A ficção se materializa na personagem Dayse Castro, vivida por Luiza Mariani, que também assina a produção do filme. Mariani se tornou estudiosa da história de Miss Cyclone e dedicou mais de 20 anos ao projeto, em um movimento de resgate e reinvenção artística. Sua atuação e sua persistência fazem do longa um ato político: a decisão de devolver humanidade e complexidade a uma personagem que a história tentou apagar.
No enredo, Dayse trabalha em uma gráfica, escreve peças nas horas livres e sonha em estudar dramaturgia em Paris. Quando sua vida é atravessada por uma gravidez indesejada, o filme retrata os limites impostos às mulheres da época — e que ainda persistem. As amigas e colegas de Dayse formam redes de apoio fundamentais em sua caminhada, lembrando que a resistência das mulheres sempre foi e continua sendo coletiva. A força da sororidade se impõe.
Os dilemas sobre autonomia reprodutiva, independência financeira e reconhecimento no mundo artístico aparecem como questões de ontem e de hoje, mostrando que a desigualdade de gênero não pertence ao passado: segue presente no cotidiano de 2025.
A luta de Dayse pela liberdade, pela criação e pelo direito de conduzir sua própria vida ecoa debates urgentes sobre os direitos das mulheres, a violência simbólica e os silenciamentos estruturais que acompanham nosso tempo.
Para a Contee, o longa é uma dica cultural imperdível para o fim de semana.

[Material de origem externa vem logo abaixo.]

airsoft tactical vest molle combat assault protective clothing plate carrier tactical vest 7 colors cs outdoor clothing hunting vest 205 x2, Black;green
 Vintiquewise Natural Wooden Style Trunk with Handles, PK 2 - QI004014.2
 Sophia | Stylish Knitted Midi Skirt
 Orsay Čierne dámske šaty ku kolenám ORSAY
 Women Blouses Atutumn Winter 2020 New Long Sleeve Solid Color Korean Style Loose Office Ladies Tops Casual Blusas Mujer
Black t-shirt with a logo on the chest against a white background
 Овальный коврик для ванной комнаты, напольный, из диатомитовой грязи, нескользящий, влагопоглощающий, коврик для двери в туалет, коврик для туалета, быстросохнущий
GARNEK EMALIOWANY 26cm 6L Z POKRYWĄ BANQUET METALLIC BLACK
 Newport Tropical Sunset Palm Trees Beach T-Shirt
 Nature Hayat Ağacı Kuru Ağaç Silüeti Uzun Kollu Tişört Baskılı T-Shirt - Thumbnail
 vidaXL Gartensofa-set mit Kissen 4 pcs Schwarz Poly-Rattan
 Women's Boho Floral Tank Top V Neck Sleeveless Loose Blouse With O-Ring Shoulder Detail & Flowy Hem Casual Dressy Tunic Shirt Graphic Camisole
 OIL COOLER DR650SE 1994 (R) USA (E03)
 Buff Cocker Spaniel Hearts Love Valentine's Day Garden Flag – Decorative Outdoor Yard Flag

Cyclone une emoção, reflexão e memória. Ao trazer Miss Cyclone para as telas, o cinema não apenas faz justiça: reabre o debate sobre quem a história decide destacar e quem escolhe esquecer. A personagem retorna como metáfora e denúncia, lembrando quantas outras mulheres — escritoras, pintoras, performers e pensadoras — foram e continuam sendo marginalizadas no Brasil e no mundo.
Cyclone é cinema potente, poético e necessário, ideal para fechar a semana com sensibilidade e consciência. É arte que exala beleza, repara injustiças e amplia vozes, superando apagamentos históricos. É cor vibrante que desperta e inspira conversas nas famílias, nas escolas e entre educadoras e educadores comprometidos com uma formação crítica, igualitária e plural.